## WHAT THE TASK ASKS
Omit the images and output every line of the data below exactly.

## DATA BELOW

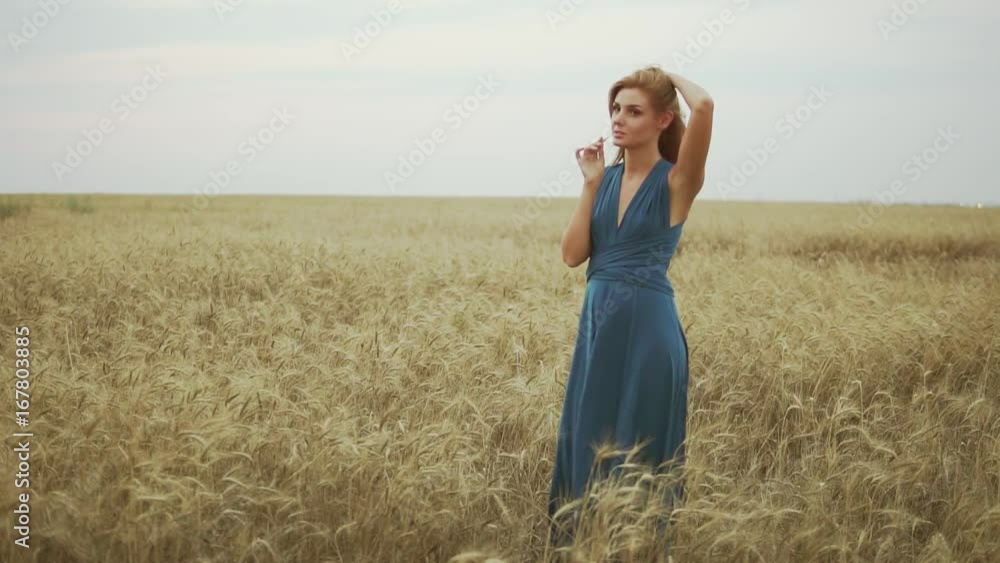 Handsome young woman in a long blue dress standing in golden wheat field trying the wheat's stem, touching her hair and enjoying nature. Freedom concept. Slowmotion shot Handsome young woman in a long blue dress standing in golden wheat field trying the wheat's stem, touching her hair and enjoying nature. Freedom concept. Slowmotion shot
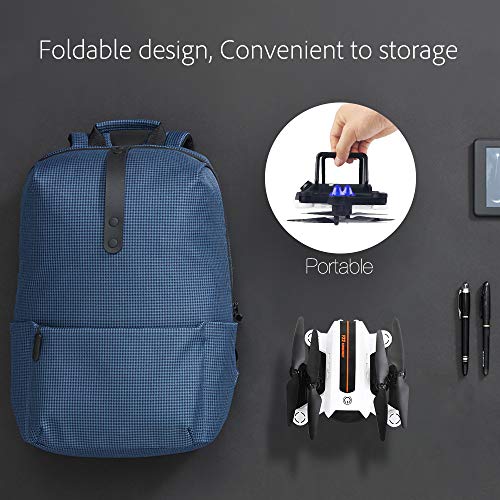 HAOXIN F22G FPV RC Quadcopter with Foldable Drone with HD Camera Optical Flow,720P 2MP Camera Long Range Outdoor Helicopter Easy to Fly Drone Route Planning, Long Life Battery for Adaults.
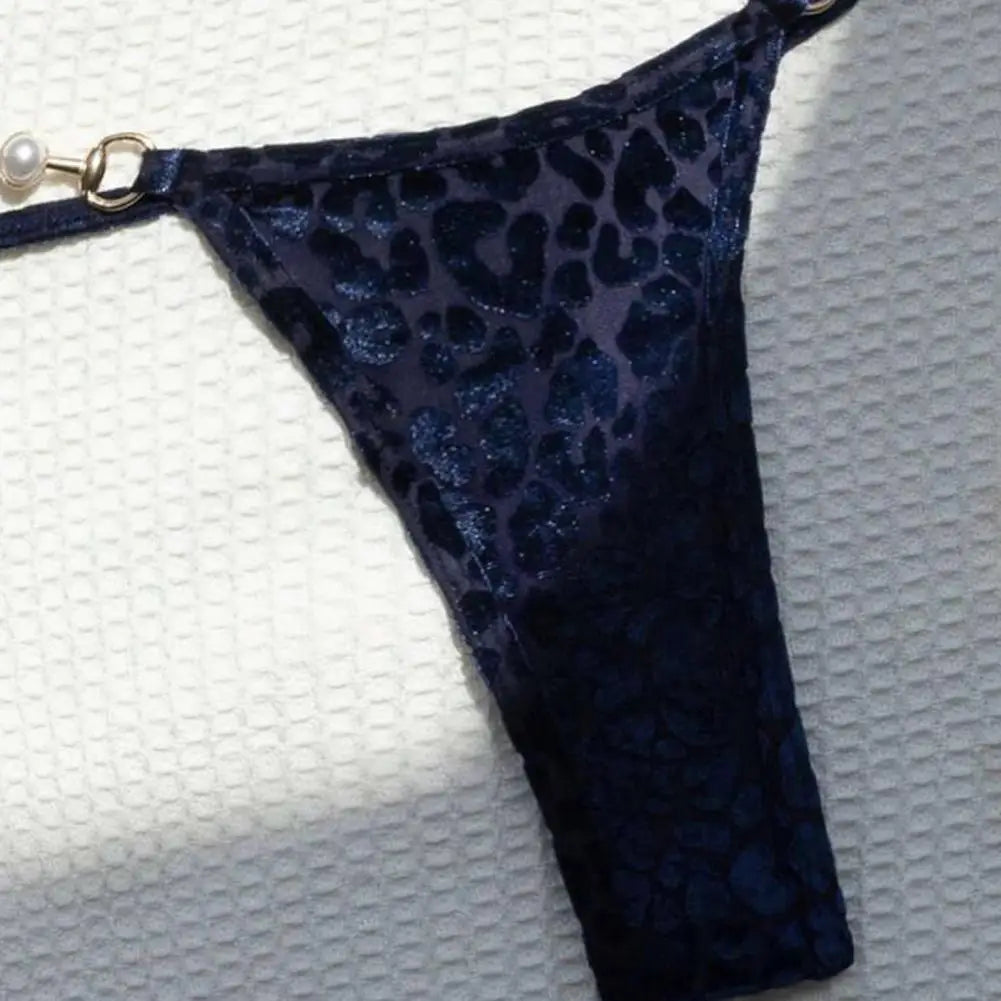 2Pcs/Set Women Bikini Set Leopard Print Halter Bra Faux Pearls Briefs Set Quick Drying Two-piece Lady Swimsuit Beachwear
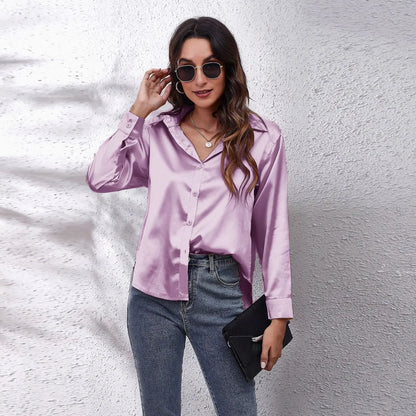 Solid Satin Shirt Long Sleeve Shirt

## SOLUTION FOR THIS PROBLEM
 Handsome young woman in a long blue dress standing in golden wheat field trying the wheat's stem, touching her hair and enjoying nature. Freedom concept. Slowmotion shot Handsome young woman in a long blue dress standing in golden wheat field trying the wheat's stem, touching her hair and enjoying nature. Freedom concept. Slowmotion shot
 HAOXIN F22G FPV RC Quadcopter with Foldable Drone with HD Camera Optical Flow,720P 2MP Camera Long Range Outdoor Helicopter Easy to Fly Drone Route Planning, Long Life Battery for Adaults.
 2Pcs/Set Women Bikini Set Leopard Print Halter Bra Faux Pearls Briefs Set Quick Drying Two-piece Lady Swimsuit Beachwear
 Solid Satin Shirt Long Sleeve Shirt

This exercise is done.